Preprocessing - What do we need? What do we have?

LukeMathWalker commented 5 years ago

Context: see https://github.com/rust-ml/discussion/issues/1.

This is meant to be a list of functionality we want to implement (a roadmap?) - I have refrained from including more sophisticated methods, limiting to what I believe to be a set of "core" routines we should absolutely offer. For each piece of functionality I'd like to document what is already available in the Rust ecosystem.

This is meant to be a WIP list, so feel free to chip in @jblondin and edit/add things I might have missed.

Dimensionality reduction:
- Principal Component Analysis (PCA)
- Singular Value Decomposition (SVD)
- Independent component analysis (ICA)
- Non-negative matrix factorization (NMF)
Scaling:
- Standard scaling (zero mean and unit variance)
- Range scaling (specify min and max)
Encoding:
- One hot encoding
- Ordinal encoding
- Discretization of continuous variables
Missing values:
- Naive imputation (constant value or using common statistics)

LukeMathWalker commented 5 years ago

What do we have right now from that list? The answer is somehow dependent on what we choose as our reference data structure. For now I'll refer to ndarray given that we are still early days when it comes to dataframes.

Dimensionality reduction: SVD is available in ndarray-linalg. I am not aware of any ready-to-use implementation of PCA, ICA and NMF in the rust ecosystem. Off the top of my head though (mind it's been a while since I have touched a linear algebra book), all required primitive routines should be available in ndarray-linalg - can you help me here @termoshtt?
Scaling: they should all be implementable in terms of map and statistics already implemented in ndarray-stats and ndarray (see summary statistics, quantiles)
Encoding: I have found this routine in rustlearn for dictionary vectorization. There does not seem to be much either there or in rusty-machine. I foresee we will have to build these categorical encoders. Discretization could be implemented quite easily on top of the histogram functionality in ndarray-stats.
Missing values: the main issue I foresee here is not really the implementation of the imputation mechanism - for those easy methods it's going to be trivial. The thorny issue is representing missing data (which Arrow does quite well!). In ndarray you could now use arrays of Options, but performance would not be optimal: we would have to roll out masked arrays - they are somewhat under the radar but not there yet.
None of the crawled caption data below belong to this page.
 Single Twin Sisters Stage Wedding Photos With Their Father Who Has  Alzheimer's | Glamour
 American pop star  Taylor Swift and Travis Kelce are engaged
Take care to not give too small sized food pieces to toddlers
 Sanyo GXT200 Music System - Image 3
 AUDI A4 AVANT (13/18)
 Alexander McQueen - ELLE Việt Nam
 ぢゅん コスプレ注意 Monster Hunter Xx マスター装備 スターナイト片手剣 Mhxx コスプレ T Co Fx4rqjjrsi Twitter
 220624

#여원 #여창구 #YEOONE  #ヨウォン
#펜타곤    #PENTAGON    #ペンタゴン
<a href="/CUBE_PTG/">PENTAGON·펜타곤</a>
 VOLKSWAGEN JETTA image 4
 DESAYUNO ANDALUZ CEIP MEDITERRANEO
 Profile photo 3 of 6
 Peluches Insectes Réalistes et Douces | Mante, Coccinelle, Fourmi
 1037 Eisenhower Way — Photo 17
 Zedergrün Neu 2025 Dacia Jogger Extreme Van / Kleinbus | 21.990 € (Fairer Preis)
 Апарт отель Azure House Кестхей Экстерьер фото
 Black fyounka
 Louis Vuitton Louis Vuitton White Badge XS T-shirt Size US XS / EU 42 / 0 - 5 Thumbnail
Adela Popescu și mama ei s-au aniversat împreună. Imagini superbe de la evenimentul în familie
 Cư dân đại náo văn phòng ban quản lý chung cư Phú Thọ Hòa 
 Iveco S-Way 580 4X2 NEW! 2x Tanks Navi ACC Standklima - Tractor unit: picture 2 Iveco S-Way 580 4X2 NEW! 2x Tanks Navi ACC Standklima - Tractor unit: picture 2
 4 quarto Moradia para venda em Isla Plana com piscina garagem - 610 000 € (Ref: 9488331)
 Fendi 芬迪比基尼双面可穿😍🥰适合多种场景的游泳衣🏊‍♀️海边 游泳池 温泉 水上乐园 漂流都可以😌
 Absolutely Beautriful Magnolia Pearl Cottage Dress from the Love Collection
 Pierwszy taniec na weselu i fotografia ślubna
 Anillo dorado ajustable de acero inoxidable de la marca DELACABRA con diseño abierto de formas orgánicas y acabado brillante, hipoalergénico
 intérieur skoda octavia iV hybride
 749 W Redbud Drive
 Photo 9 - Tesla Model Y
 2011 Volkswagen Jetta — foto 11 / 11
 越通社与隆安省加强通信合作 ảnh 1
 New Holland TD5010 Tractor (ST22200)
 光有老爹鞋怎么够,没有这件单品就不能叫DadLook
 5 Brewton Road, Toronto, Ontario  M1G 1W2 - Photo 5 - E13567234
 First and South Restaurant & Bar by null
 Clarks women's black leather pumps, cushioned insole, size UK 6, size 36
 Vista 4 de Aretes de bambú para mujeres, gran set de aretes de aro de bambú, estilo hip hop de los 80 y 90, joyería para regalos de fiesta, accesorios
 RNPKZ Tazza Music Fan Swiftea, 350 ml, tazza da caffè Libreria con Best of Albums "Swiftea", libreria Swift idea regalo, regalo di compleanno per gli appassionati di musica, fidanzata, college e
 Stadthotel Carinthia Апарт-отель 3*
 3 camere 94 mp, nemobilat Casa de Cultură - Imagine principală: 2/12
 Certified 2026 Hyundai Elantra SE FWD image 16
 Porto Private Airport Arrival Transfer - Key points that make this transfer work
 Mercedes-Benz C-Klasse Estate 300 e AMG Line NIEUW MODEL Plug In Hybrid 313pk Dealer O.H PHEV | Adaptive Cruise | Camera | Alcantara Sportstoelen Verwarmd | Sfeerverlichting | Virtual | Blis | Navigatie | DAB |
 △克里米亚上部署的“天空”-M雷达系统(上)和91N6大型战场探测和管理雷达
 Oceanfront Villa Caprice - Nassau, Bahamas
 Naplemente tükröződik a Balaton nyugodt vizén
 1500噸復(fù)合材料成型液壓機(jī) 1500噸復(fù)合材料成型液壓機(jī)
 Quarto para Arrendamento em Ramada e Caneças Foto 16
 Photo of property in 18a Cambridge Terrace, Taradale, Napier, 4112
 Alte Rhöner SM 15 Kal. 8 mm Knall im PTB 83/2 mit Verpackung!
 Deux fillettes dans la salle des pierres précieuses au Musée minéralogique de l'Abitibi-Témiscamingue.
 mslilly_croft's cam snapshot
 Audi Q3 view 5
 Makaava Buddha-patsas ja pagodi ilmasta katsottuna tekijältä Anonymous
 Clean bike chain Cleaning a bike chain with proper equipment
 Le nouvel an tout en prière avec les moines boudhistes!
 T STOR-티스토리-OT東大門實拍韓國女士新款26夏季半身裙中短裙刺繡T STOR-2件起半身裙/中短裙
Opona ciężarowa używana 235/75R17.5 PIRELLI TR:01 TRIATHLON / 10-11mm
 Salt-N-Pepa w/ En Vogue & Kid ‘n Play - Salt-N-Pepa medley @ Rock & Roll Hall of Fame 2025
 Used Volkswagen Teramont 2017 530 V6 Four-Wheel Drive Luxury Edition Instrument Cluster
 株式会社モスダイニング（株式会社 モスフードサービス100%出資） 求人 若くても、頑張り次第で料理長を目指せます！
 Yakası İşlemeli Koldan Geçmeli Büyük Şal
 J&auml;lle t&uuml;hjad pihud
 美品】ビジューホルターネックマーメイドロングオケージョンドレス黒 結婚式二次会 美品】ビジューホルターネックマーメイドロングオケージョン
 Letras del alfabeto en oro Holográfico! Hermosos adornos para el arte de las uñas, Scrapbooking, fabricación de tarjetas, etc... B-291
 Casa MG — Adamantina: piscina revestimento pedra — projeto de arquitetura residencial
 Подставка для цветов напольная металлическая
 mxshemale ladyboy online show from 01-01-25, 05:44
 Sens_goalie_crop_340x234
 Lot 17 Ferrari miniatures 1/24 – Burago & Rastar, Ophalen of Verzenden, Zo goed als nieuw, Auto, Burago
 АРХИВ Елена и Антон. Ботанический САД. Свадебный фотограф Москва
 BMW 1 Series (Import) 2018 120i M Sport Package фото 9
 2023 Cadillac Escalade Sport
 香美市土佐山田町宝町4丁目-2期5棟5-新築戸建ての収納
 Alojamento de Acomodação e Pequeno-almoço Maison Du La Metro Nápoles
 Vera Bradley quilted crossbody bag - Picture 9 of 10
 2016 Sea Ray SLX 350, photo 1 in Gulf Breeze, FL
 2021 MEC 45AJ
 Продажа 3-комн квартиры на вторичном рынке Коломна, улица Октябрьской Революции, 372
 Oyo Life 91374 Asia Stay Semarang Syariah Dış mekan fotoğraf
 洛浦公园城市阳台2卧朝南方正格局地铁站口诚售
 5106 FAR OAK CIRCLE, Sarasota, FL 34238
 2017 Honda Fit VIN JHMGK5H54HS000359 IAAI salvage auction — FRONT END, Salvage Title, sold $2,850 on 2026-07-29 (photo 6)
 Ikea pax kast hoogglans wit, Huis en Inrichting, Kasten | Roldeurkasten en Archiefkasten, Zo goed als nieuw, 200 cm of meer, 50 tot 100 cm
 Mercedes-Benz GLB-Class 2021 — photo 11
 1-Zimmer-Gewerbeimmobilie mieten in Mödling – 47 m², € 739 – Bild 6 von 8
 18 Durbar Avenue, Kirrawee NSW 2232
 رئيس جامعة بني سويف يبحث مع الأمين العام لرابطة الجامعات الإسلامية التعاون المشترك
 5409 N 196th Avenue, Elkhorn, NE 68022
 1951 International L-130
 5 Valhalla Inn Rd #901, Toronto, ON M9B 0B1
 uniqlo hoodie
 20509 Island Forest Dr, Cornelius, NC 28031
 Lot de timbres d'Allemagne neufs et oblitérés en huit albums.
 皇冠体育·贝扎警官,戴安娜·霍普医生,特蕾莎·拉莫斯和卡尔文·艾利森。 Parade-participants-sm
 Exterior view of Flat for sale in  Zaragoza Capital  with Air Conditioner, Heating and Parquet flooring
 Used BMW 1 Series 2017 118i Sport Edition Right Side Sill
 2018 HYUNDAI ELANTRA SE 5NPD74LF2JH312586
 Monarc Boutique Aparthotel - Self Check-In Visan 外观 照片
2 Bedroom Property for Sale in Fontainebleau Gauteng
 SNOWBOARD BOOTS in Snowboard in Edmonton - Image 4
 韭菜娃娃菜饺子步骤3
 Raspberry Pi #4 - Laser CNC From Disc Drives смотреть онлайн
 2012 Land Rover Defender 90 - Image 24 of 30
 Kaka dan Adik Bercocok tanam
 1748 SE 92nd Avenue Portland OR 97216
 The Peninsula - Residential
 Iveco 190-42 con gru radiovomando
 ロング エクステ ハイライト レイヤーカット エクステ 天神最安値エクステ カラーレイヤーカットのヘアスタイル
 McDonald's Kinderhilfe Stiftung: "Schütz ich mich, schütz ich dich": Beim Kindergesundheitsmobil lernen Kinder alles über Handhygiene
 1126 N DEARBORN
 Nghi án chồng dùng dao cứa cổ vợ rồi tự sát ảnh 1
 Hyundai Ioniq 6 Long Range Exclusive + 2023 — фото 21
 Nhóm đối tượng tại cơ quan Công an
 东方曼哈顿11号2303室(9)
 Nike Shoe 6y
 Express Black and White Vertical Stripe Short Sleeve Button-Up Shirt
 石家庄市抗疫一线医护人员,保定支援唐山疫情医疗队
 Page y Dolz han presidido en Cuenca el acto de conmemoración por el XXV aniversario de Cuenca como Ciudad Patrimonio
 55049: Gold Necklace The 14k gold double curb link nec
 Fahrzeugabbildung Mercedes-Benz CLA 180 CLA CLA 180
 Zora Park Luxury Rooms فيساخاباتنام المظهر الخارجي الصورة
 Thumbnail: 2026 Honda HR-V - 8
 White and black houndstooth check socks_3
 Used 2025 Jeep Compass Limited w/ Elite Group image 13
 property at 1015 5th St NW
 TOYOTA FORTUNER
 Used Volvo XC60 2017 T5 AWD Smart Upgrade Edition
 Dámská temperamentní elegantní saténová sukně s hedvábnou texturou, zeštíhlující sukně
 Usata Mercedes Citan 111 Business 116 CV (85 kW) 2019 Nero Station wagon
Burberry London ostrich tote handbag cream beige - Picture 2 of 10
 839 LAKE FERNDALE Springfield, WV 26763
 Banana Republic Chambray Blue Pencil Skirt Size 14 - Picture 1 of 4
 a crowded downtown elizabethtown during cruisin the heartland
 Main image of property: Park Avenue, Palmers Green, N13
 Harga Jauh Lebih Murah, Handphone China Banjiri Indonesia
jbowles commented 5 years ago

Missing values: the main issue I foresee here is not really the implementation of the imputation mechanism - for those easy methods it's going to be trivial. The thorny issue is representing missing data (which Arrow does quite well!). In ndarray you could now use arrays of Options, but performance would not be optimal: we would have to roll out masked arrays - they are somewhat under the radar but not there yet.

I wonder how open Rust language team(s) would be to a Missing type... or if any discussions around this have happened? It would obviously be a long run to get a new native type into standard, especially something as controversial (and confusing) as this. But obviously the more closely aligned any kind of a Missing type is with Rust language design the easier it will be to integrate between packages that need it.

jblondin commented 5 years ago

That's a good list!

I'm not sure if it necessarily fits in 'preprocessing', but I would add tools for model selection:

Cross-validation (and general data-splitting functionality)
Grid search hyperparameter selection

If all estimator models implemented the same traits, we could use the same cross-validation framework over arbitrary learners. Included in this could be the idea of a common set of classification / regression metrics for model evaluation -- again, I'm not sure if this is exactly 'preprocessing' but does definitely cut across multiple areas of concern.

Another possible thing to add: pipeline management. I haven't used the sklearn pipeline tools personally, but some mechanism to let users easily pipe a set of transformation and an estimator together might be useful.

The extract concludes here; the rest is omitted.